The subplot concerning Cates' engagement to the Rev. Brown's daughter Rachel, and Brady's manipulation of the girl to give damaging testimony at the trial, is entirely fictional. The real-life John Thomas Scopes had no known fiancée or girlfriend at the time of the trial.
Because of the criticism directed at producer Stanley Kramer by the American Legion for hiring Nedrick Young, whom they considered subversive, Moss Hart as president of The Authors League of America sent Kramer a telegram: "The Authors League of America council, which has always unalterably opposed any form of blacklisting of writers, unanimously voted at a meeting today to commend and applaud you for your courageous stand in rejecting publicly the effort to interfere, on pseudo-patriotic grounds, with the right of writers to work."
In the scene where Drummond (Spencer Tracy) tells the story of his rocking horse "Golden Dancer" to Brady (Fredric March), they are sitting in rocking chairs on the porch of the boarding house. The actors are both rocking their chairs but are never in sync with each other to emphasize their differences of opinion.
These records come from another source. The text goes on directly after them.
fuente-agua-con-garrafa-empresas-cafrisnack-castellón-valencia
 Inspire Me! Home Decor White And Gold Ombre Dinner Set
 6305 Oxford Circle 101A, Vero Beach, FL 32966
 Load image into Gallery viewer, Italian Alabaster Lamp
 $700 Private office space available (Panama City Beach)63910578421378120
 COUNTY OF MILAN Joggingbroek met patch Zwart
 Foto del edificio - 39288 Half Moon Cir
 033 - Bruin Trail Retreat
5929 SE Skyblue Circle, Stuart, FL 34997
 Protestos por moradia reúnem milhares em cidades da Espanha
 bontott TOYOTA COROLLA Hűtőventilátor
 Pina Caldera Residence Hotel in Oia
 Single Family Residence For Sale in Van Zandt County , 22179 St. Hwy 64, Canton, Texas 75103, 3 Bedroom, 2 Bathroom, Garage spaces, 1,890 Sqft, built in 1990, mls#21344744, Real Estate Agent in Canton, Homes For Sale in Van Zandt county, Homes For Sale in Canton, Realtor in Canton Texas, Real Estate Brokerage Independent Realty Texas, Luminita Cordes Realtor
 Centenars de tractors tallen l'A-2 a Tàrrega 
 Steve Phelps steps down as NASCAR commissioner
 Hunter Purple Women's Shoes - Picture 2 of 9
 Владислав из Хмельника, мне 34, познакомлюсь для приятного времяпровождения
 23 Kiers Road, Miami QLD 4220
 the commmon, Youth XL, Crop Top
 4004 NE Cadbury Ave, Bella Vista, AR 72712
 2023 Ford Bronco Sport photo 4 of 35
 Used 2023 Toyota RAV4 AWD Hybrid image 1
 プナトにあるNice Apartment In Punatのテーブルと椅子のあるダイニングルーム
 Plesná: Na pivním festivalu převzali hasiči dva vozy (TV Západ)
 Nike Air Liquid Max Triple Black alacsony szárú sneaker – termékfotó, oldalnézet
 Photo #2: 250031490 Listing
The real-life John Thomas Scopes upon whom the Bertram Cates character was based had an unusual epilogue of his own. After the famous trial, he was approached by a representative of the University of Chicago, which offered him a scholarship for graduate study in geology. Scopes then did geological field work in Venezuela for Gulf Oil of South America, and went on to make a name for himself in the field of geology.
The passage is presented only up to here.